Folk. It’s been done since there were instruments, yet, when done well, it never get’s old. There are great folk albums, really bad ones, and everything in between. They’ve given us peeks into our favorite artists’ psyches during certain times in their lives, and they’re often an audible record of an artist’s growth. Enter Austin Miller.

The Orlando native barely has two decades under his belt, but he’s already managed to make a name for himself within the metropolis’ thriving music scene. He’s done it on the strength of countless gigs (including a Southeastern U.S. tour), but now the 21-year-old who started writing songs out of boredom and insomnia has some hardware to give away at all of his shows.

Not counting random, lo-fi bedroom recordings, The Morning Birds officially serves as Miller’s official handshake to his listeners’ collective ears – and the six-song set is most definitely memorable. The 24-minute volume of songs finds him mostly sticking to the usual singer-songwriter fare, but the thing that separates Miller from his peers is his willingness to seemingly accept who he is on record.

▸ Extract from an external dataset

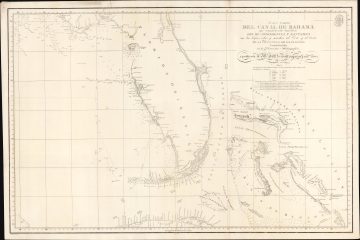 FloridaBahamas-direccionhidrografia-1807.jpg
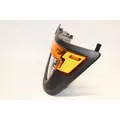INTERNATIONAL HX515 Headlamp Assembly thumbnail 2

He rarely gets into philosopher mode, and the deepest he really gets is saying “every king and queen will someday lose their thrones/and every shining stare will fade to the unknown.” (“No One Really Knows”).

Instead, Miller sticks to vividly describing the world he observes through his own two eyes. “Nothing More” finds him strumming quiet chords and recollecting on a “house on the dirt road that’s been there for as long as I know” where a “warm damp air/floats through my hair.” A quiet piano chimes in here are there, and the track finds Miller using multi-tracking to his advantage as he lays down harmonies that aren’t perfect by any means, but pleasingly earnest all the same. In fact, the song is kind of a microcosm of the record. There are a couple flawed patches (“Within Reach” seems to have been mixed at a lower volume than the rest of the tracks), but The Morning Birds’ imperfections are charming, and Miller will surely hone his gift into a great LP someday.

Album opener “If You Don’t” begins with him singing, “I’ve seen the smoke for quite sometime, but I’ve yet to see the fire,” and that pretty much sums everything up: While all you may know of Miller might be the measly smoke signal you see from afar, rest assured that the fire is burning bright somewhere in the distance.